My inspiration for designing a Tramjatra tram comes from my love for Melbourne’s trams and the unique friendship between the tram-loving communities of Kolkata (India) and Melbourne and partnership with Melbourne trammie, Roberto D’Andrea.
Tramjatra works in partnership with the Calcutta Tramways Company and Government of West Bengal. Tramjatra has a rich history of engaging Victoria’s Indian diaspora reflecting years of collaboration between Melbourne and Kolkata. This tram design honours the tramways relationship between Kolkata and Melbourne. The first friendship tram was launched from Belgatchia Depot in October 1996. 12 trams have since been decorated in Kolkata. 2016 was the 20th anniversary of Tramjatra with a rich history of friendship, the love of trams and highlighting the environmental benefits of tramways.
The artistic intention of this design is to allow those on the street outside a tram to share the momentary experiences and connections of those inside. This is achived by creating a spectrographic encoding of these transitory moments on the skin of the tram transforming the tram into a moving point of engagement between passenger and street. Street and passenger. This spectrographic encoding is created using a generative algorithm which translates a video capture of the side view of the entire journey along a tram route into an abstract colour field. The algorithm encodes the momentary points of passenger engagement by collapsing each frame of video into single vertical stripe of colours, capturing both the broad ambience and the exceptional, diverse and unique aspects of the flux of time, space, colour and life as experienced in that frame. These stripes are then accumulated frame-by-frame to produce the final spectrogram, which can be read along a tram, from front to back, as a spectral encoding of the entire journey – representing not only the passengers experiences but the streets themselves.
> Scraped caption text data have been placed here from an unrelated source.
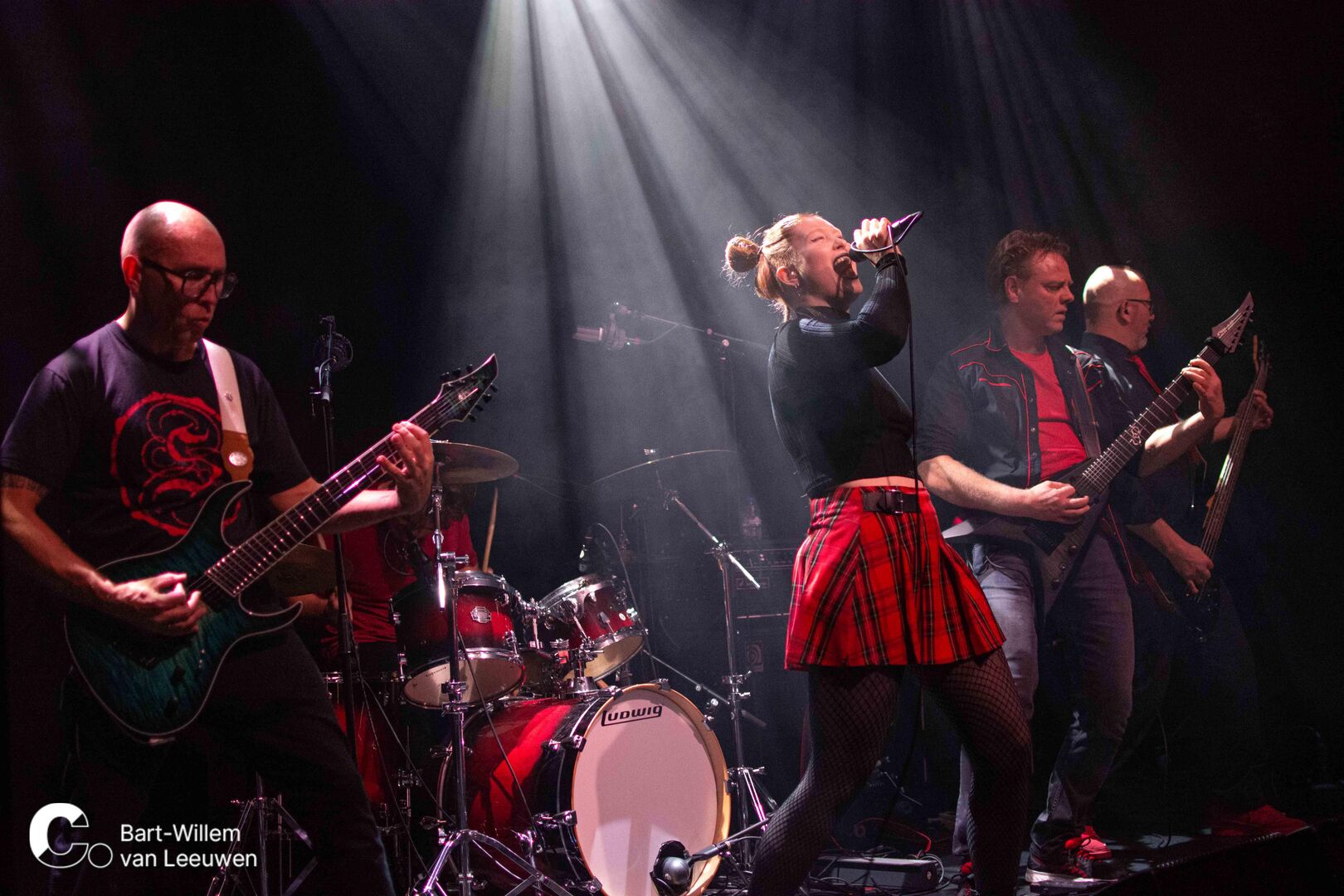 20231221 PactplusPresent-03-Snare-BWvLeeuwen-01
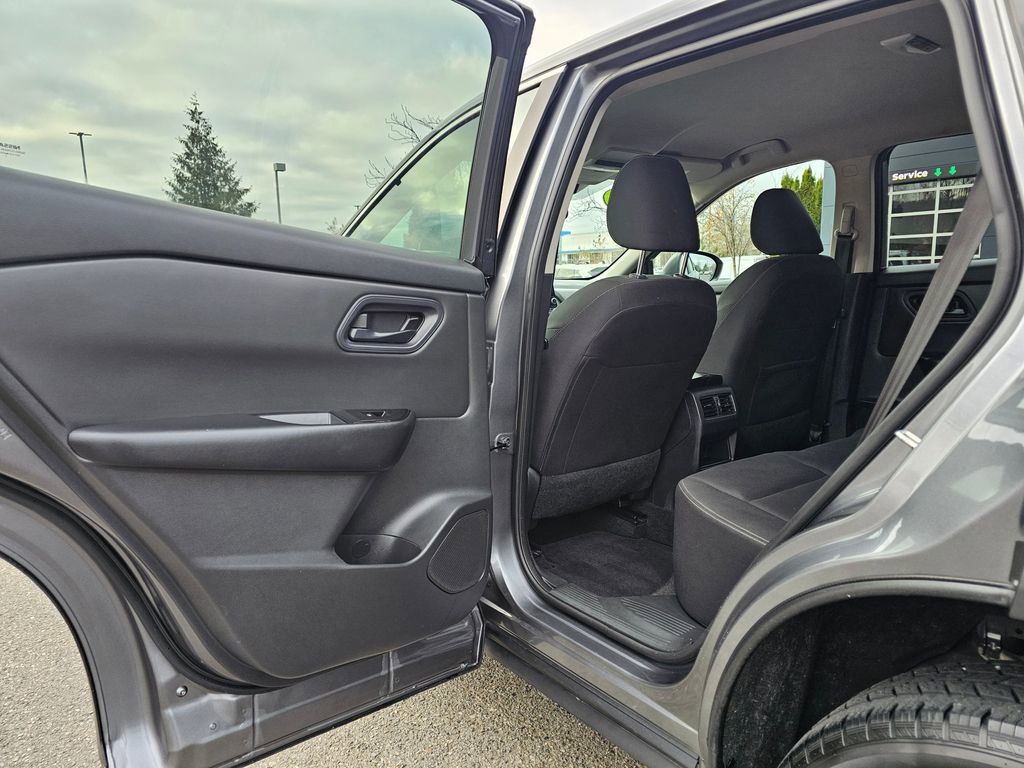 Used 2024 Nissan Rogue S image 12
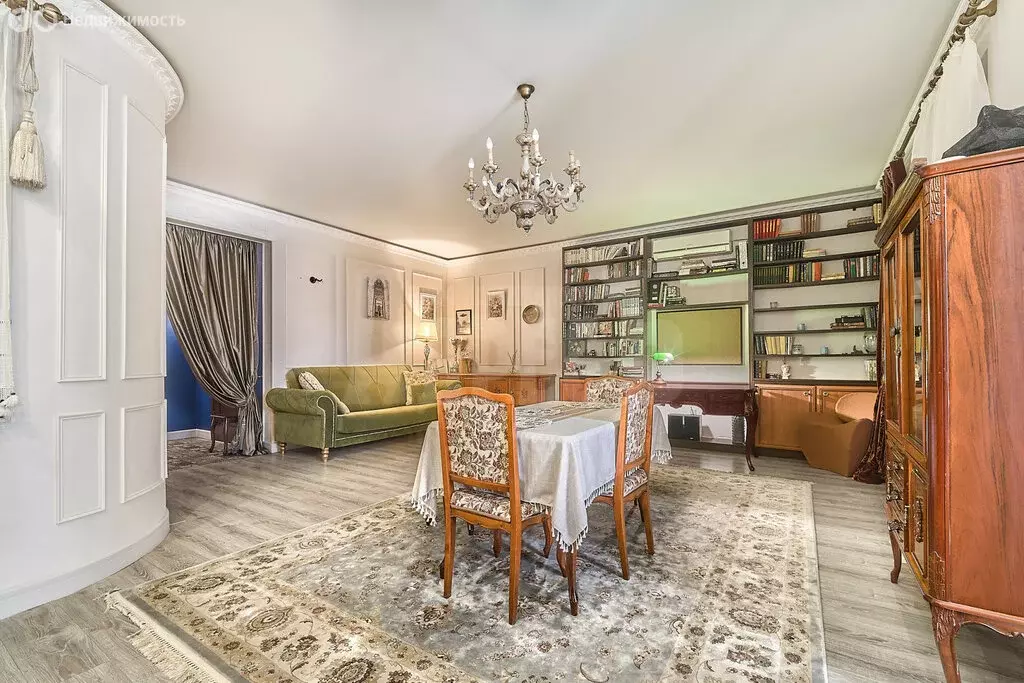 Квартира-студия: Обнинск, улица Усачёва, 1 (67 м) - Фото 2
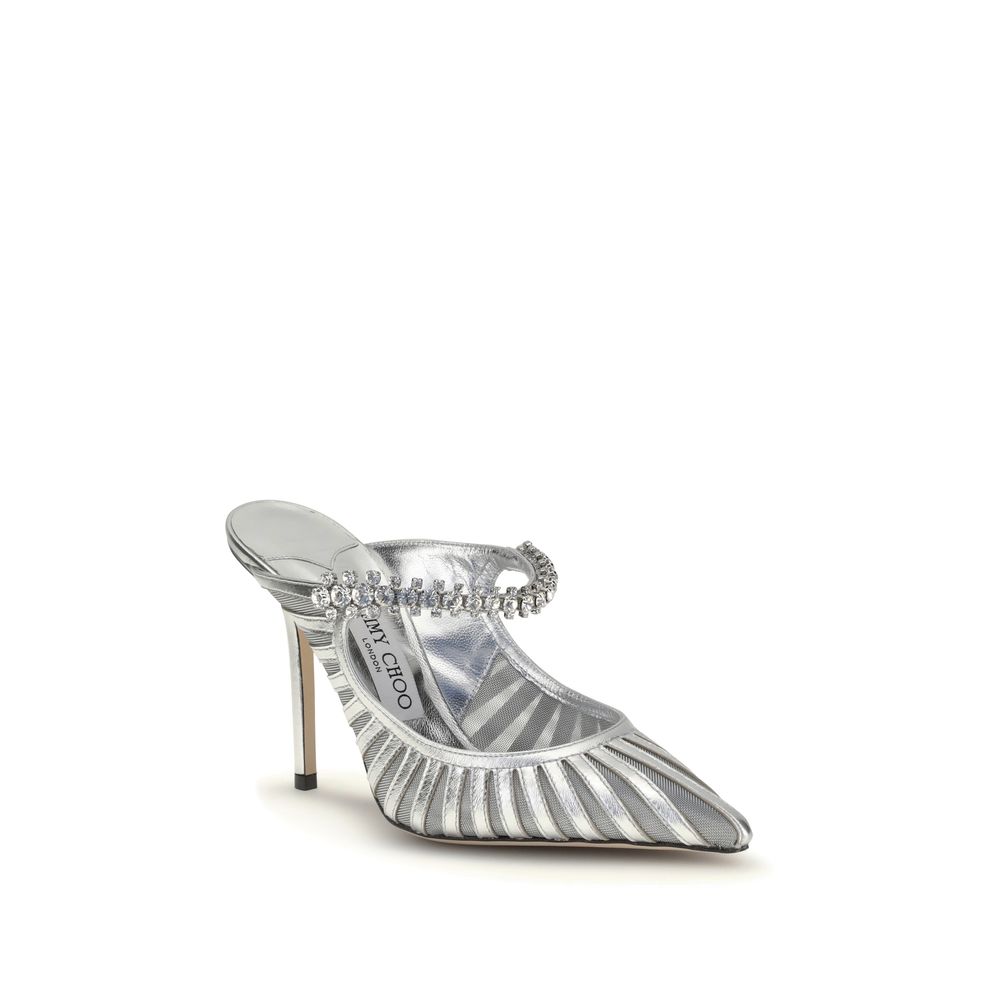 Silberne Pumps aus Leder mit hohem Absatz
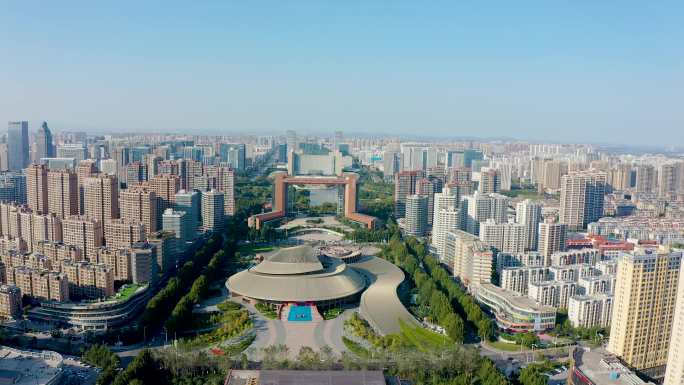 4K航拍山东临沂市北城新区中轴线风景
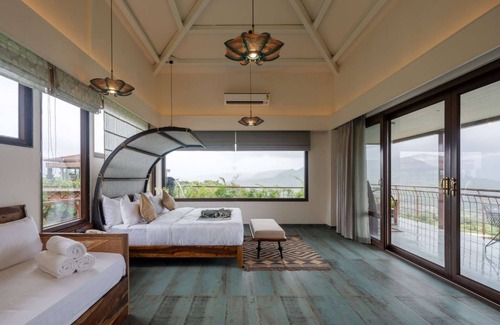 Valane Hotel | Malhar Machi Mountain Resorts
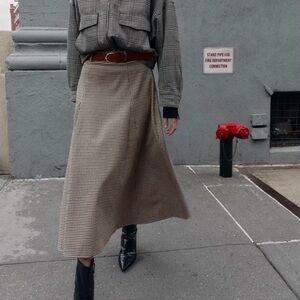 Zara Beige and Black Houndstooth A-Line Midi Skirt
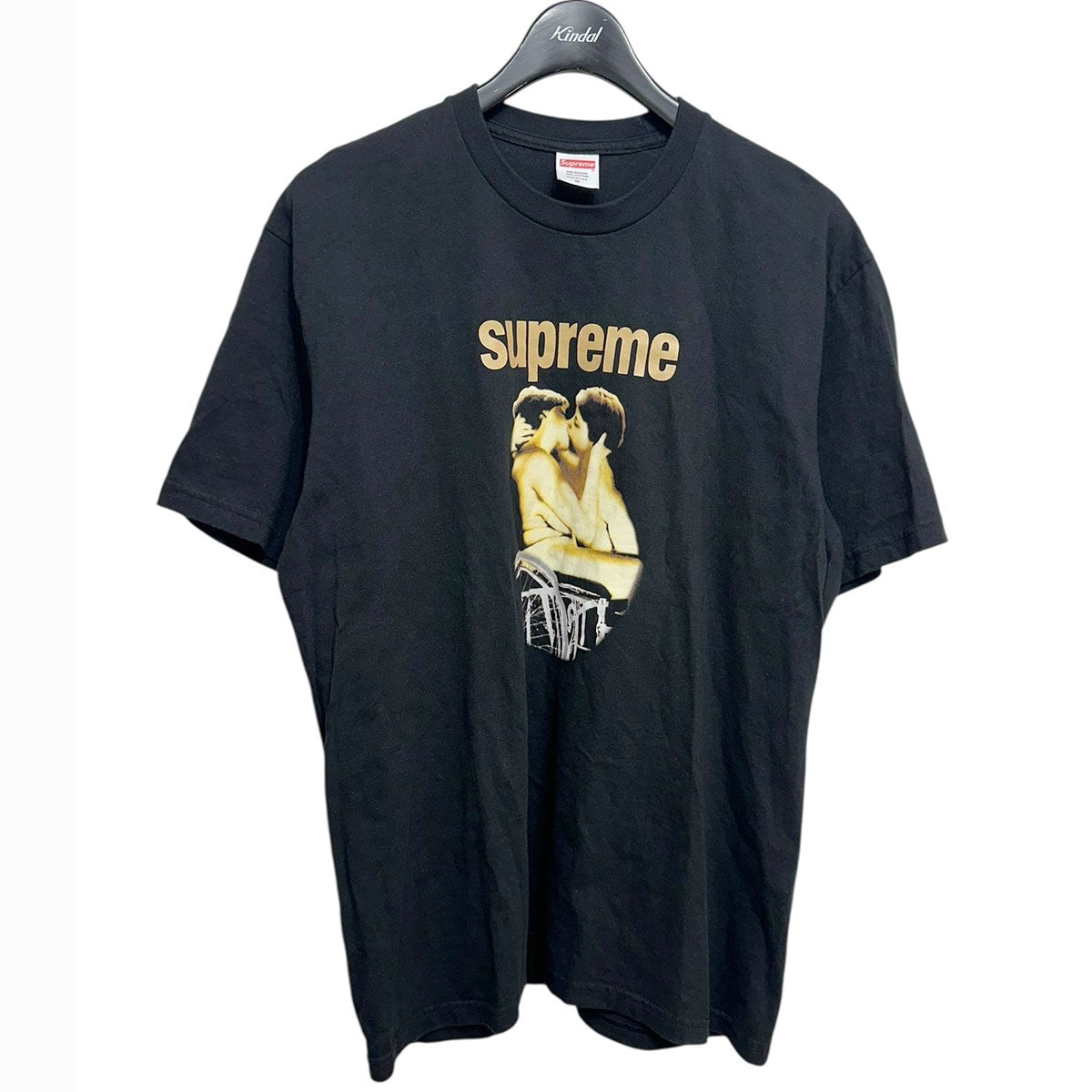 Supreme(シュプリーム) 23SSKiss TeeプリントTシャツ ブラック サイズ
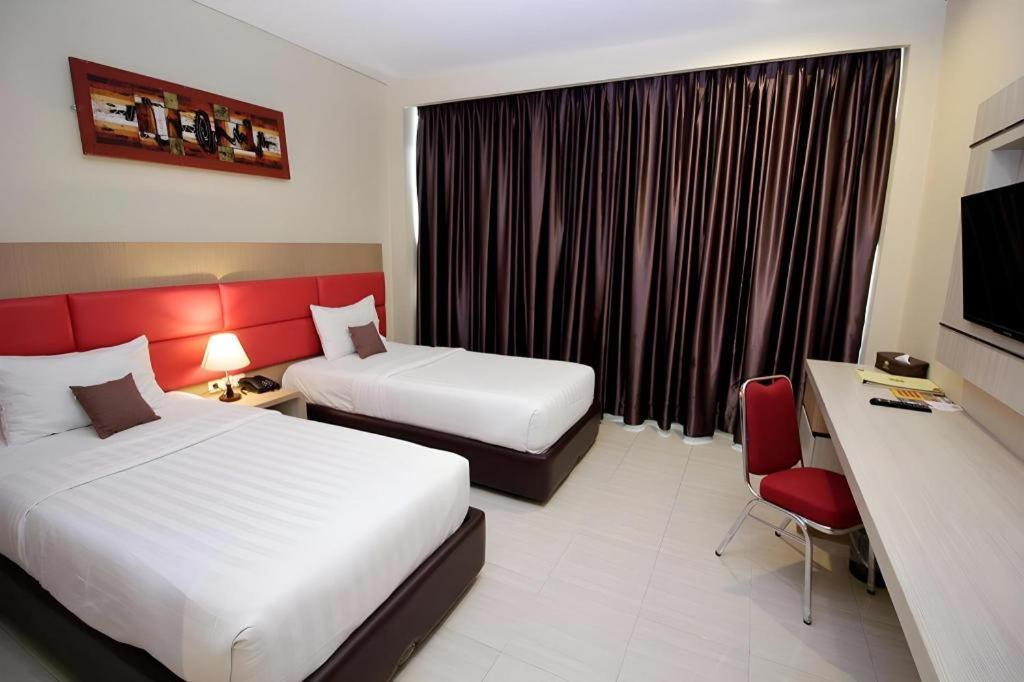 Asoka Luxury Hotel Bandar Lampung Dış mekan fotoğraf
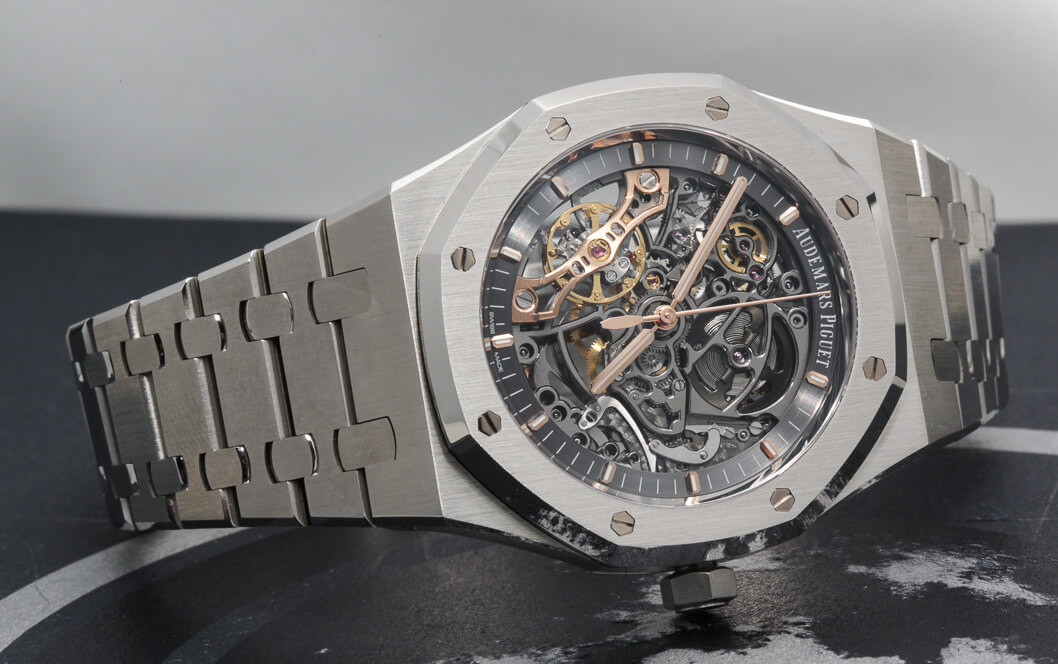 金表好看还是银色好看,金表和钢表哪个更保值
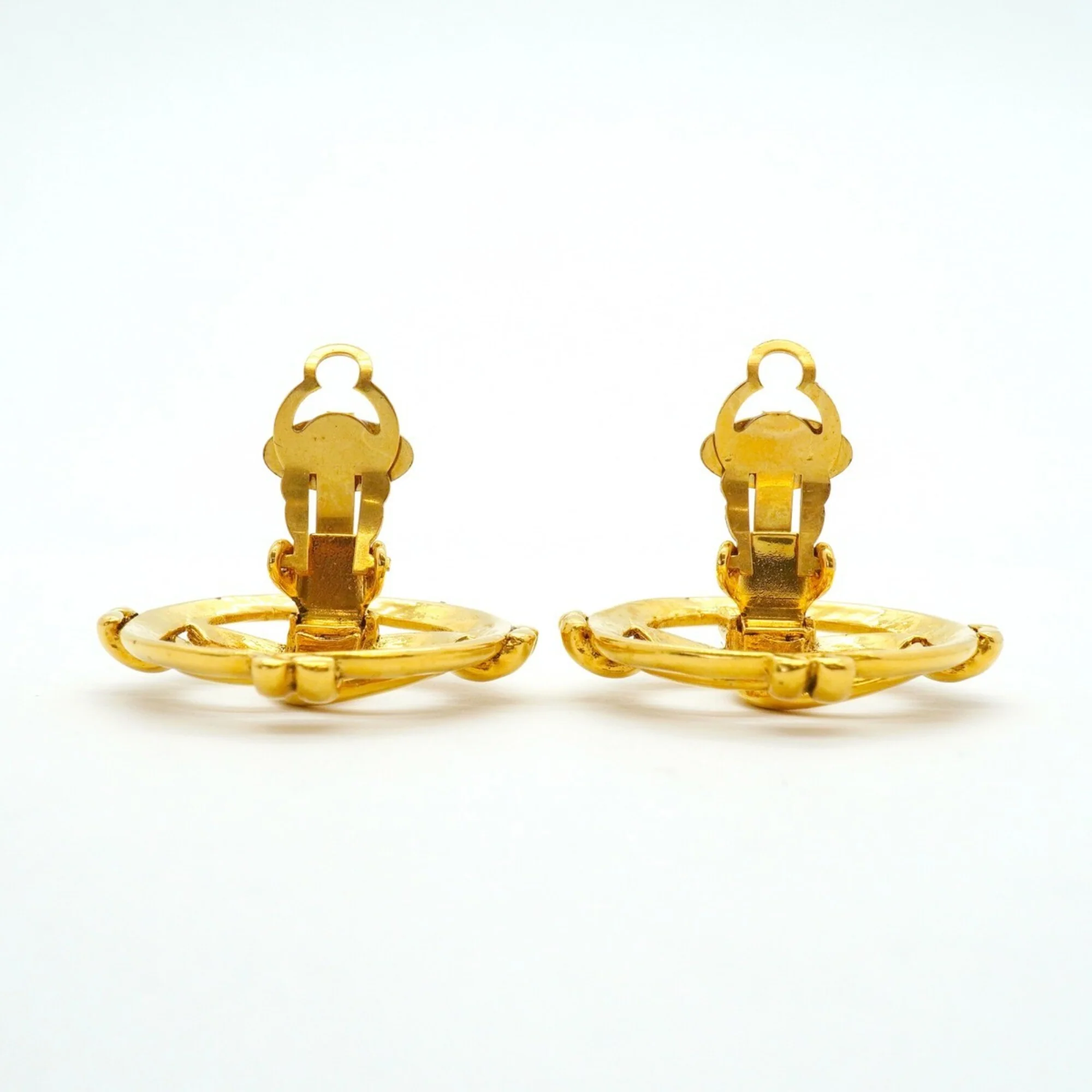 CC Logo Circle Clip-On Earrings Metal Gold-Tone Metal - Image 9
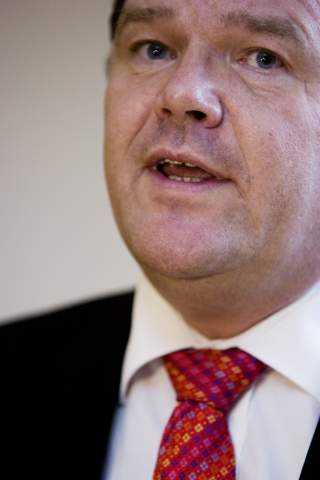 SUKSESS: - Hele regjeringsprosjektet er en enest�ende suksess. Det var et markant brudd med politikken til den forrige regjeringen, sier �ystein Djupedal. Foto: SCANPIX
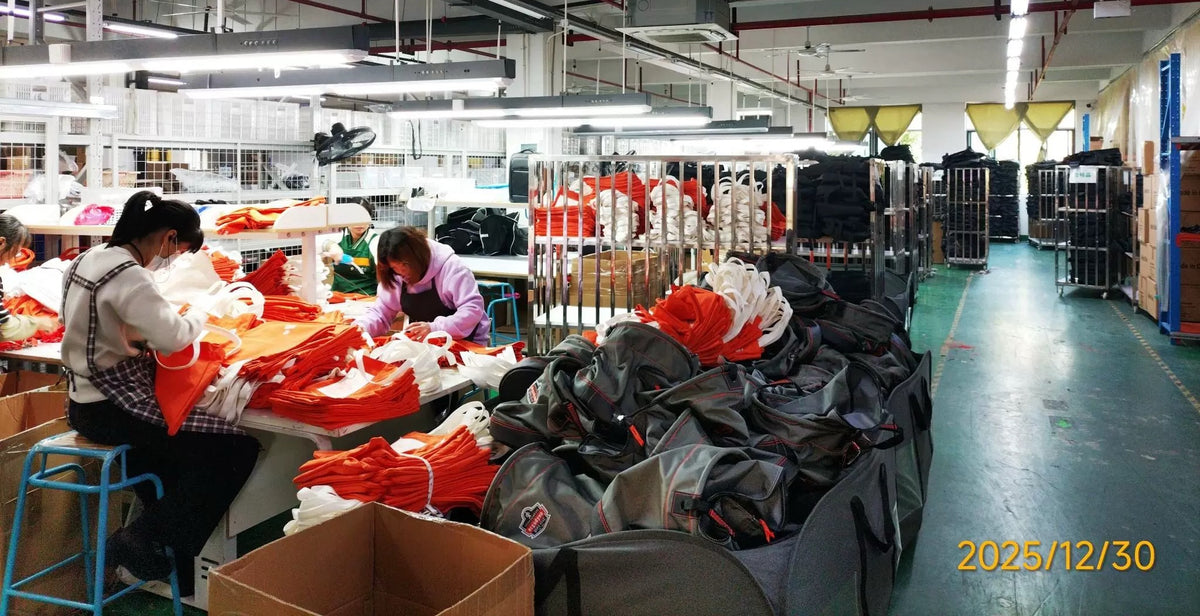 Fanlosn bag production floor with workers sewing and assembling custom bags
My artwork explores the idea of the diverse Melbourne tram traveller along with my own travel history of Melbourne. I visited the ten tram stops that have played the most significant part of my life in Melbourne, and photographed ten travellers that frequently use the same stops.
Josh is a proud Yorta Yorta and Gunditjmara Barkinji man. The two sides of the tram narrate the story of William Buckley, the ‘wild white man’: an escaped English convict who lived with the Wathaurong people for many years.
Beautiful Stranger is a continuation of Robert Owen’s celebrated series Music for the Eyes, inspired by jazz, movement and light. It plays homage to the history of jazz in Melbourne, and extends Owen’s exploration of art’s capacity to translate mood and emotion through colour.
Parents from the school collectively developed the design for this artwork. In a workshop parents saw similarities in their school community to the wider Melbourne community that they wanted to capture—that Melbourne is a proudly diverse community. Coloured squares were inspired by Andy Warhol’s pop art which captures playfulness, diversity and inspires imagination—just like the school.